══ THE DATA ══
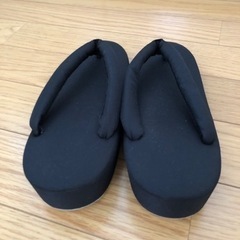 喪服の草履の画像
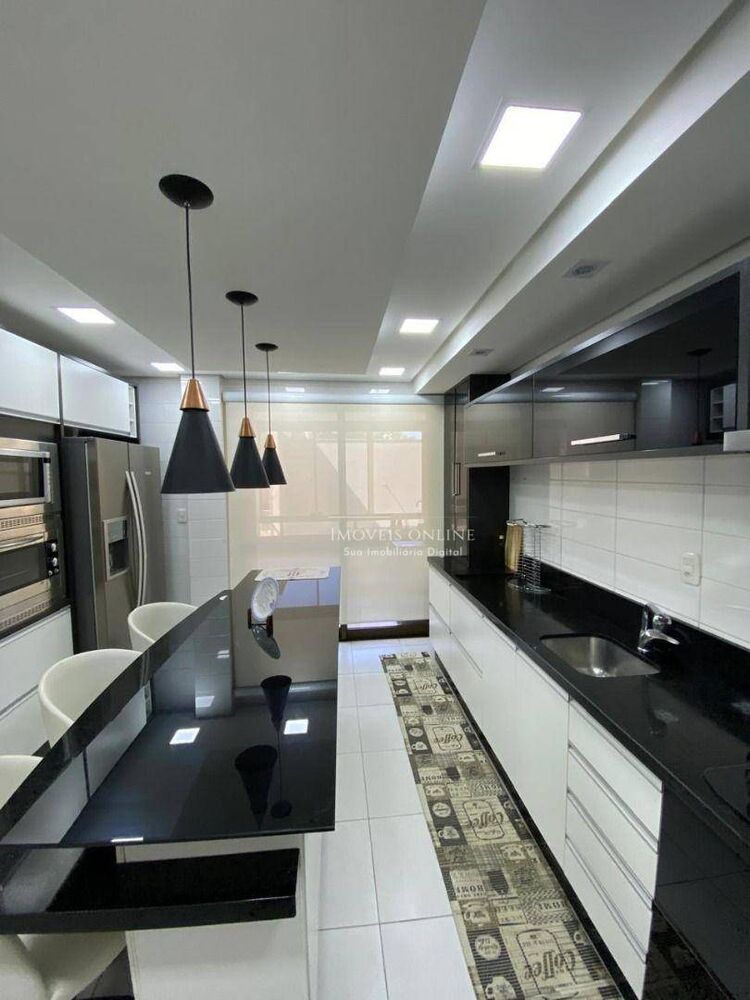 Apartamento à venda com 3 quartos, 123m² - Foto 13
═══
══ THE DATA ══
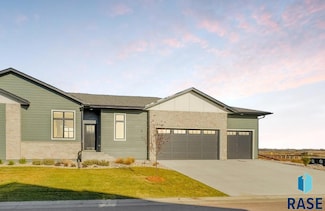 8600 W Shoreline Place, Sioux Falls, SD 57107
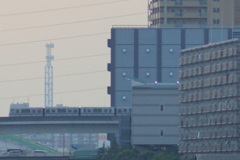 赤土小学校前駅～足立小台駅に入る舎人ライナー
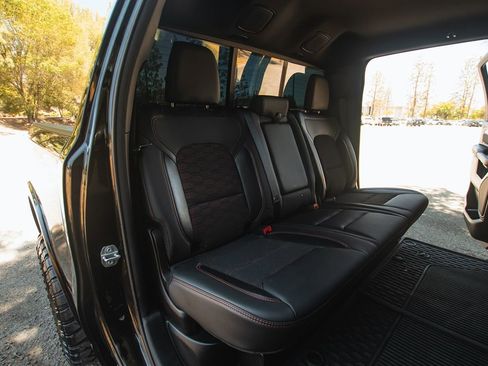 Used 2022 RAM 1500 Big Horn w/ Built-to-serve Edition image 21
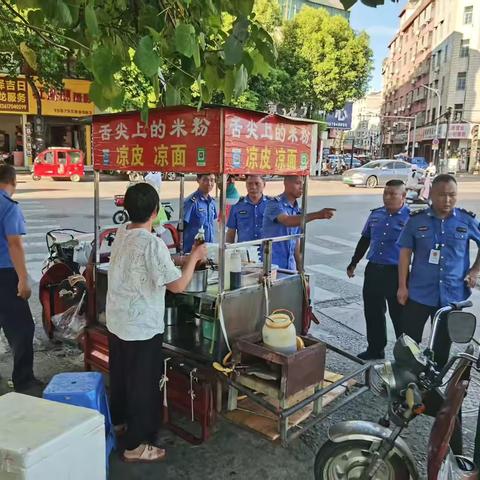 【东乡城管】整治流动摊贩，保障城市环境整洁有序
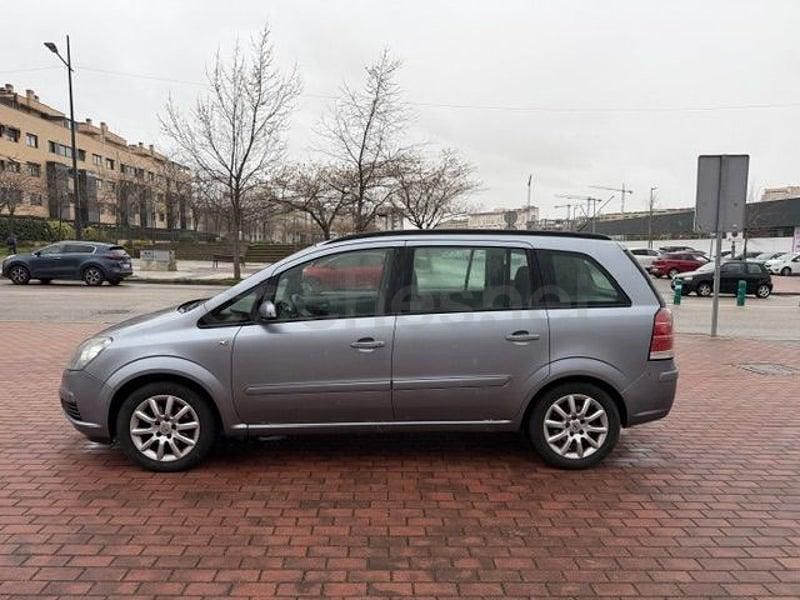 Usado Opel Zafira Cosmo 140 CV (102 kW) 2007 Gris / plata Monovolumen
═══
══ THE DATA ══
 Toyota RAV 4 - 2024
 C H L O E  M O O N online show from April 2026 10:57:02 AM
═══
PROBLEM DETAILS:
Go back to the listing above and reproduce, exactly, the stretch from the line bearing "Used 2022 RAM" through the line bearing "Usado Opel Zafira", without its pictures.

RESULT OF THE TASK:
 Used 2022 RAM 1500 Big Horn w/ Built-to-serve Edition image 21
 【东乡城管】整治流动摊贩，保障城市环境整洁有序
 Usado Opel Zafira Cosmo 140 CV (102 kW) 2007 Gris / plata Monovolumen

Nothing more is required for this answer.